Schon 1983 schien die Zukunft anzubrechen
Der Protest eskalierte, als klar wurde, dass die Regierung nicht auf die Demonstranten zugehen würde. Das Parlament wurde angezündet und die Massen zogen in Richtung Präsidentenpalast. Als Compaoré realisierte, dass ihn die Armee nicht schützen würde, liess er sich von Frankreich in die Elfenbeinküste ausfliegen.
Der langjährige Präsident, der 1987 in einem blutigen Putsch gegen seinen früheren Busenfreund und damaligen Präsidenten Thomas Sankara an die Macht gelangt war, war endlich weg. Ein Neuanfang schien möglich.

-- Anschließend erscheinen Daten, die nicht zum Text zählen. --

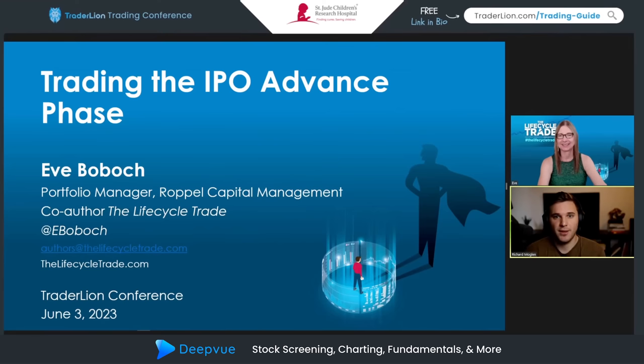We're going to continue with another excellent presentation from Eve. She's one of the many authors of 'The Life Cycle Trade,' a fantastic exploration of IPOs and super growth stocks, and she's also one of the excellent educators as part of the IPO Master Class which we completed earlier this year. Thank you guys for tuning in — if you're enjoying the stream, please leave a like below.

Anführer und Identifikationsfiguren des Balai Citoyen waren der Rapper Smockey und der Reggaemusiker Sams’K Le Jah. Sie waren inspiriert von Compaorés Vorgänger, dem jungen, visionären und charismatischen Armeeleutnant Thomas Sankara. Dieser putschte sich 1983 selbst an die Macht, unterstützt vom Volk. Er war es, der das Land vom kolonialen Namen Obervolta befreite und in Burkina Faso umtaufte, das «Land der aufrichtigen Menschen», womit er an die Integrität und die Würde seiner Bewohner appellierte.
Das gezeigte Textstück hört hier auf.